Jakarta, Aktual.co — Pedagang di sejumlah pasar tradisional dalam Kota Kupang mengeluhkan kebijakan penertiban pakaian bekas impor berdasarkan Surat edaran Kementerian Perdagangan beberapa waktu sebab larangan itu menghilangkan pendapatan mereka, karena menjual rombengan sudah menjadi lapangan pekerjaan.
Syahrir (40) penjual rombengan di Pasar Inpres Kelurahan Naikoten, Kota Kupang, Nusa Tenggara Timur (NTT), Selasa (10/2), mengatakan larangan itu pasti akan berdampak pada penutupan belasan lapak rombengan di pasar itu telah meresahkan pedagang karena menghilangkan “piring-nasi” yang ditekuni setiap hari.

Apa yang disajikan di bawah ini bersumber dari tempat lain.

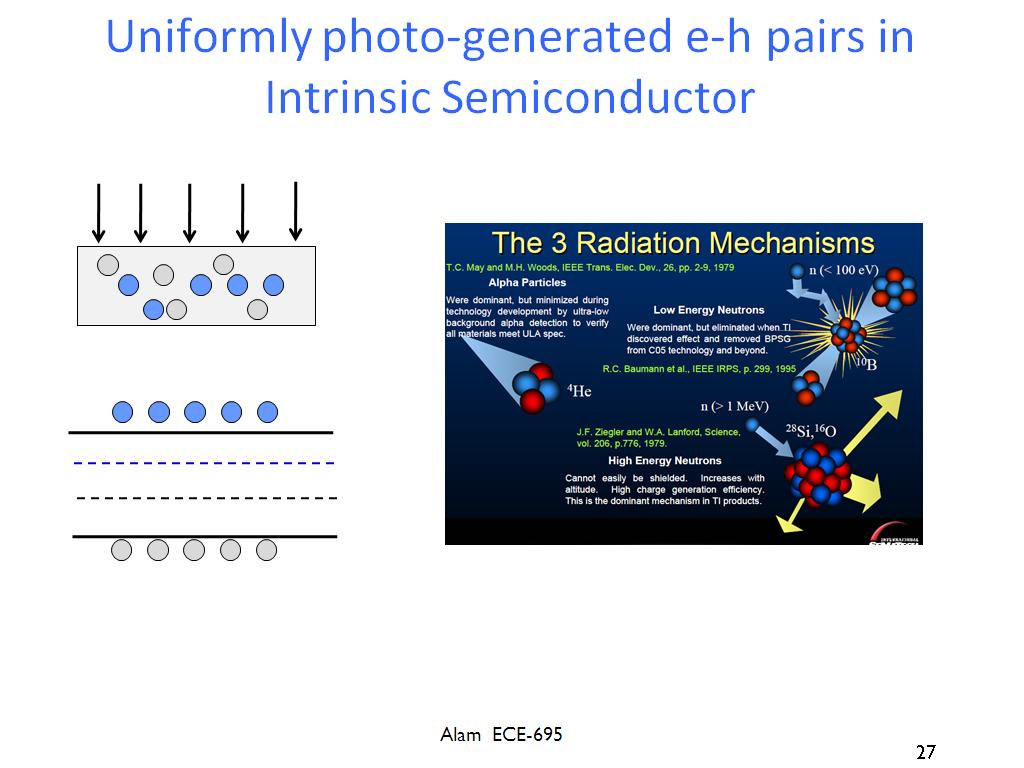 Uniformly photo-generated e-h pairs in Intrinsic Semiconductor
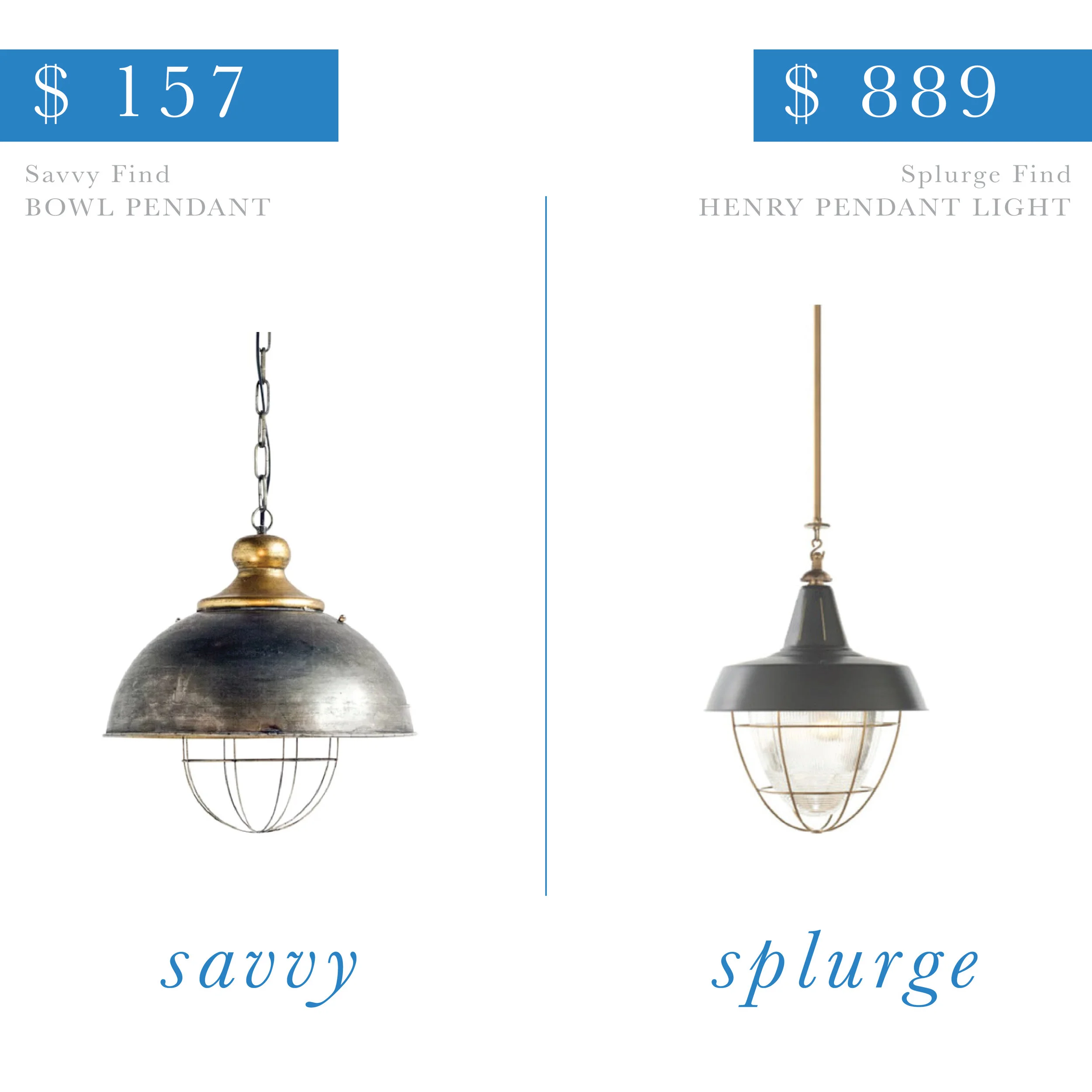 Industrial Pendant Light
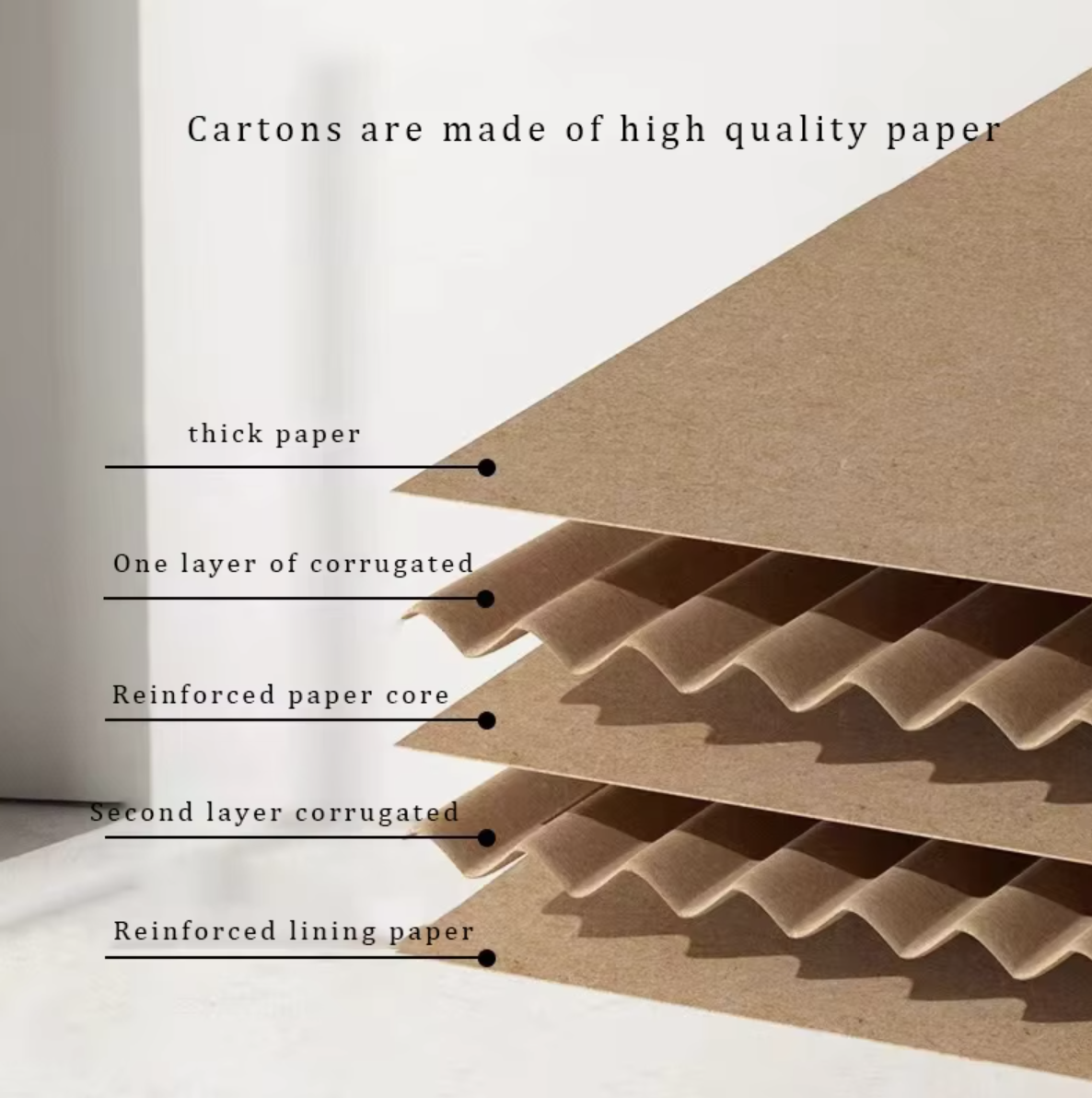 Corrugated Paperboard.png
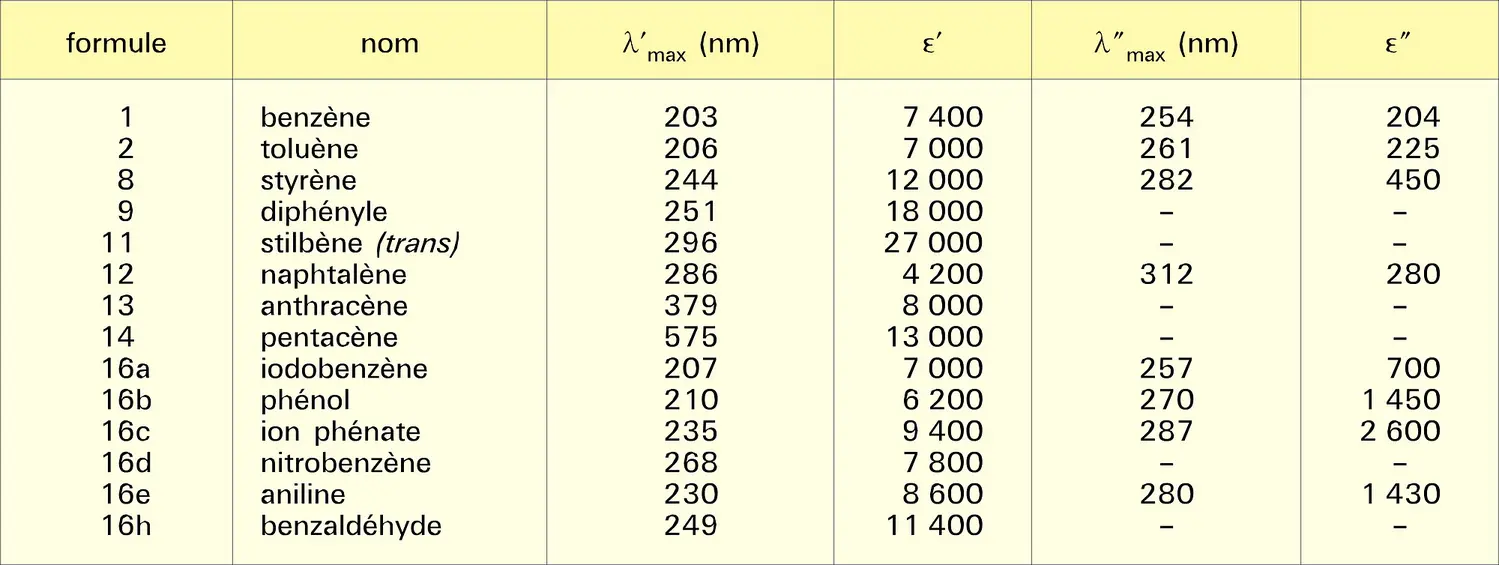 Absorption U.V. et visible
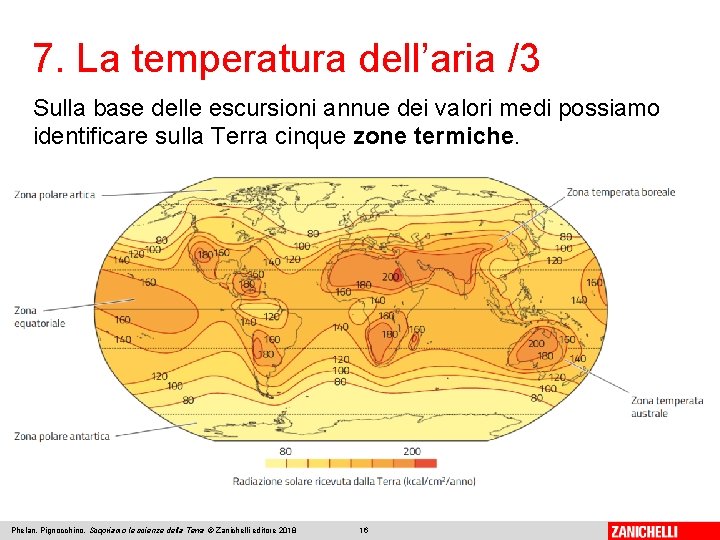 7. La temperatura dell’aria /3 Sulla base delle escursioni annue dei valori medi possiamo 7. La temperatura dell’aria /3 Sulla base delle escursioni annue dei valori medi possiamo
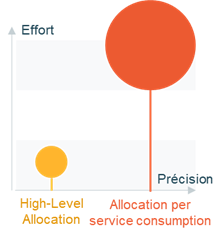 Les niveaux de précision de la refacturation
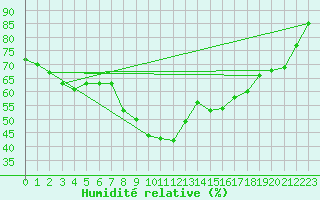 Courbe de l'humidit relative pour Rnenberg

Ia mengatakan harusnya sebelum larangan itu diterbitkan sudah terlebih dahulu dilakukan sosialisasi kepada para pedagang, sehingga diketahui lebih awal dan melakukan antisipasi terlebih dahulu dengan aktivitas cadangan lain untuk mempertahankan hidup.
“Ini sepertinya kaget-kaget saja bagi pedagang pakaian jenis itu di daerah. Kalau pemerintah melarang siapkan modal untuk kami membuka usaha lain,” ujarnya.
Jadi menurut dia, harus ada solusi berupa jalan keluar bagi pedagang agar tidak mematikan usaha untuk mempertahankan hidup bersama keluarga.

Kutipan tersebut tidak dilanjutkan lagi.